It’s important to mention backtracking behaviour is expected during a pip install process. What pip is trying to do is complicated - it is working through potentially millions of package versions to identify the compatible versions.

There is no guaranteed solution to backtracking but you can reduce it - here are a number of ways.

1. Allow pip to complete its backtracking

In most cases, pip will complete the backtracking process successfully. It is possible this could take a very long time to complete - this may not be the preferred option.

However there is a possibility pip will not be able to find a set of compatible versions.

If you’d prefer not to wait, you can interrupt pip (ctrl and c) and use Constraints Files: to reduce the number of package versions it tries.

2. Reduce the number of versions pip will try to backtrack through

If pip is backtracking more than you’d like, the next option is to constrain the number of package versions it tries.

A first good candidate for this constraining is the package(s) it is backtracking on (e.g. in the above example - cup).

You could try:

pip install tea "cup > 3.13"

This will reduce the number of versions of cup it tries, and possibly reduce the time pip takes to install.

There is a possibility that if you’re wrong (in this case an older version would have worked) then you missed the chance to use it. This can be trial and error.

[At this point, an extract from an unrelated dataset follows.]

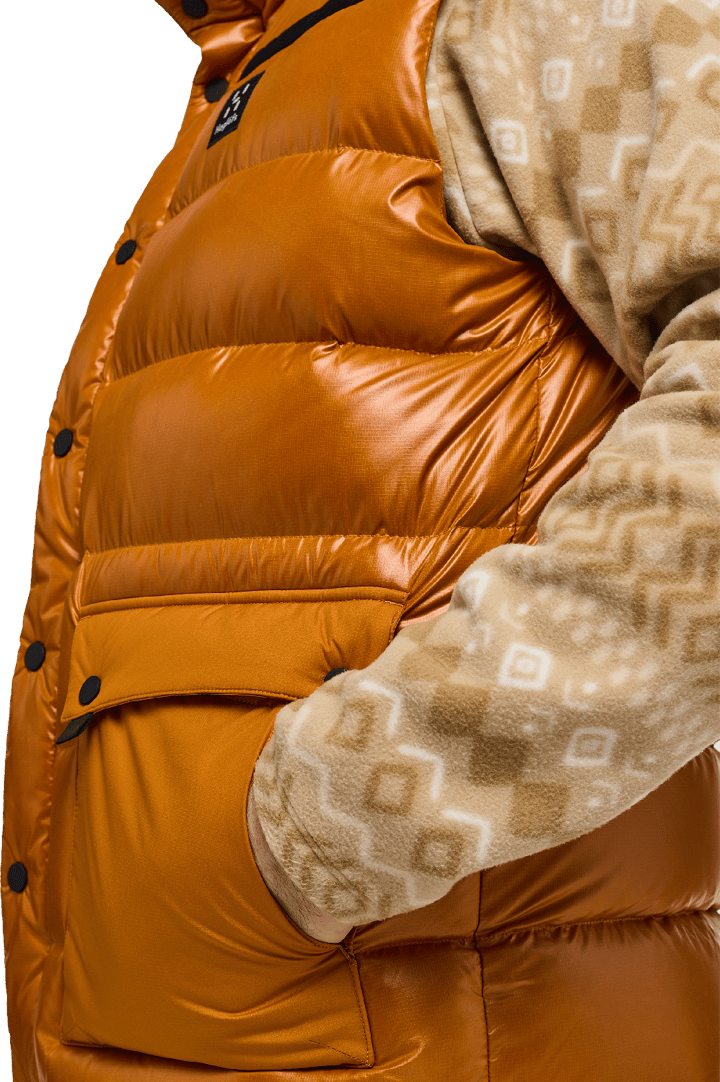 Men's Funäs Down Vest Golden Brown Haglöfs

3. Use constraint files or lockfiles

This option is a progression of 2 above. It requires users to know how to inspect:

  • the packages they’re trying to install

  • the package release frequency and compatibility policies

  • their release notes and changelogs from past versions

During deployment, you can create a lockfile stating the exact package and version number for for each dependency of that package. You can create this with pip-tools.

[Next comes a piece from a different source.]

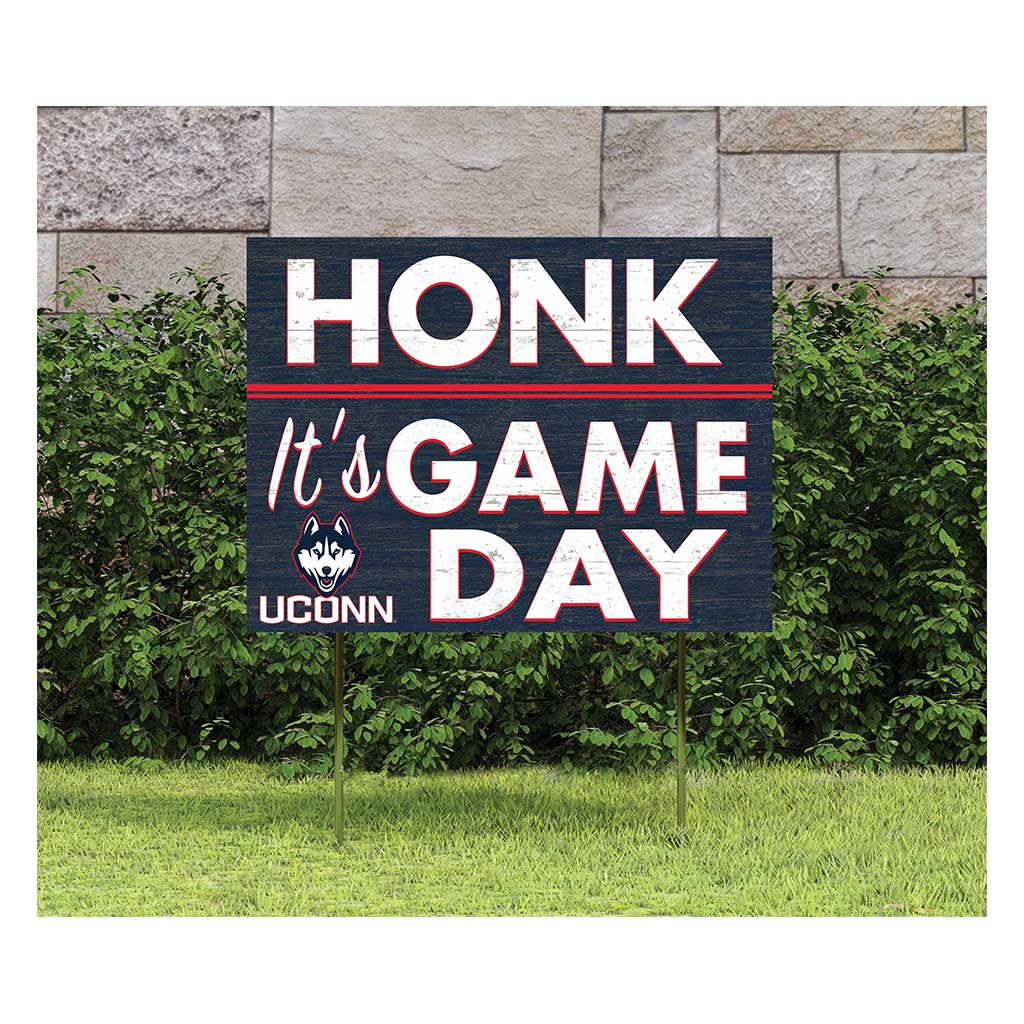18x24 Lawn Sign Honk Game Day Connecticut Huskies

This means the “work” is done once during development process, and so will save users this work during deployment.

The pip team is not available to provide support in helping you create a suitable constraints file.

4. Be more strict on package dependencies during development

For package maintainers during the development, give pip some help by creating constraint files for the dependency tree. This will reduce the number of versions it will try.

Getting help

If none of the suggestions above work for you, we recommend that you ask for help. Getting help.

Using pip from your program

As noted previously, pip is a command line program. While it is implemented in Python, and so is available from your Python code via import pip, you must not use pip’s internal APIs in this way. There are a number of reasons for this:

  1. The pip code assumes that is in sole control of the global state of the program. pip manages things like the logging system configuration, or the values of the standard IO streams, without considering the possibility that user code might be affected.

  2. pip’s code is not thread safe. If you were to run pip in a thread, there is no guarantee that either your code or pip’s would work as you expect.

  3. pip assumes that once it has finished its work, the process will terminate. It doesn’t need to handle the possibility that other code will continue to run after that point, so (for example) calling pip twice in the same process is likely to have issues.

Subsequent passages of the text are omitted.